In summary, this study found that NT-pro-BNP was able to identify fluid responders among paediatric shock patients. However, since it is a serum biomarker, its use in aiding clinical decisions is limited. Using bedside haemodynamic monitoring, we also found that the inotropic index, SMII, could not be used to predict a positive response to fluid resuscitation since it is affected by the SVI. SMII was not useful in identifying potential fluid responders. However, we found that the SMII can potentially be used for further study revolving around inotropy (cardiac contractility) as it may be a good representative of the inotropic index exclusive of hypovolemia. There were also some limitations to this study. Firstly, the small sample size was only able to determine the association between categorical variables. A bigger sample size is needed to obtain a more accurate cutoff for NT-pro-BNP and SMII across age categories. Secondly, USCOM was performed by a team of trained paediatricians; however, interoperator variability was still unavoidable.

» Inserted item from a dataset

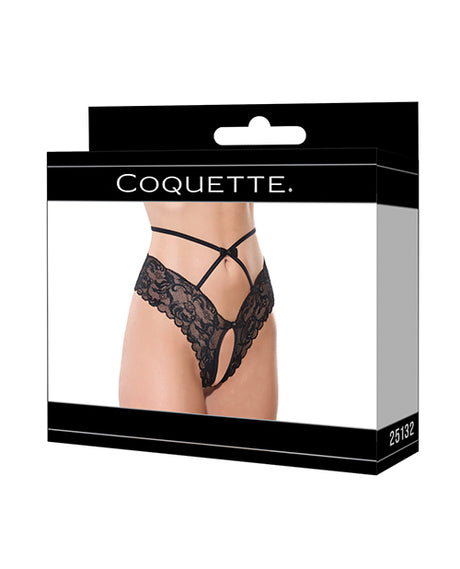 Coquette Lace Hipster Panty with Bow — Black, Large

Thirdly, we did not adjust for the subjects' acute clinical conditions that might have affected NT-pro-BNP values. A previous study demonstrated that acute, noncardiac diseases and sepsis were linked to increased NT-pro-BNP, albeit much lower than the cutoff for HF; this might affect the cutoff obtained in the study due to heterogeneity of shock [15, 16]. Lastly, we observed a trend of higher increment in NT-pro-BNP upon loading among fluid nonresponders; however, this association remains underexplored due to our small sample size.

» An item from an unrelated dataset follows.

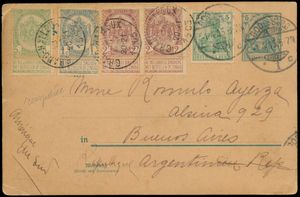 1905 N° 53, 55 (2x) en 56 op Duitse postkaart, eerst verstuurd met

Our study was the first to demonstrate the use of NT-pro-BNP and SMII in monitoring response to fluid resuscitation in the paediatric population in the absence of cardiac diseases. We found that elevated NT-pro-BNP was associated with a poor response to fluid loading. We also show that a higher SMII value, as a measure of cardiac inotropy, was associated with a desirable outcome to fluid resuscitation; however, its value during low preload condition may be falsely low.